Along with Keith Elliott's VC, (and incidentally, as fortune would have it, his company had only vacated the barn where Ian was killed the night before), many soldiers of the 22nd were to receive decorations for conspicuous bravery and dedicated service.

A posthumous St George Cross was awarded to Lance Corporal David Russell, dying in front of a firing squad for refusing to reveal key information on Italian families assisting the war effort or information on escaped POWs. Haddon Donald DSO became commander of the battalion and would later serve as a National Government MP - representing Wairarapa in Parliament. He is still a resident of Masterton.

Major-General Sandy Thomas, an author and the last commanding officer of the battalion in Japan, would later become the last Commanding Officer of British Forces in Far East Asia.

Another battalion padre Rev Martin Sullivan would become Dean of St Pauls, officiating at Sir Winston Churchill's funeral.

Being Kiwis, the battalion had its fair share of All Blacks, with Jack Sullivan, Vince Bevan and Athol Mahoney prominent.
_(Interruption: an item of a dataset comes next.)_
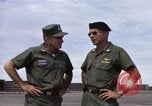 Standbild stellvertretender Verteidigungsminister David Packard Vietnam, 1969, aus Sekunde 11 historischem Filmmaterial Videoclip 65675055536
To cap it off one of the Intelligence Officers was the journalist, Terry McLean.

If ever there was a seed of hope to emerge from the tragedy of Ian Sutherland Gordon Holms, it would be that of a nephew, named in memory of her brother by Betty and her husband Ray Falloon, himself a Crete veteran.

Professor Ian Robert Holms Falloon would become a world authority in the treatment of schizophrenia and the introduction of early intervention community health programmes, particularly in England where he later lived.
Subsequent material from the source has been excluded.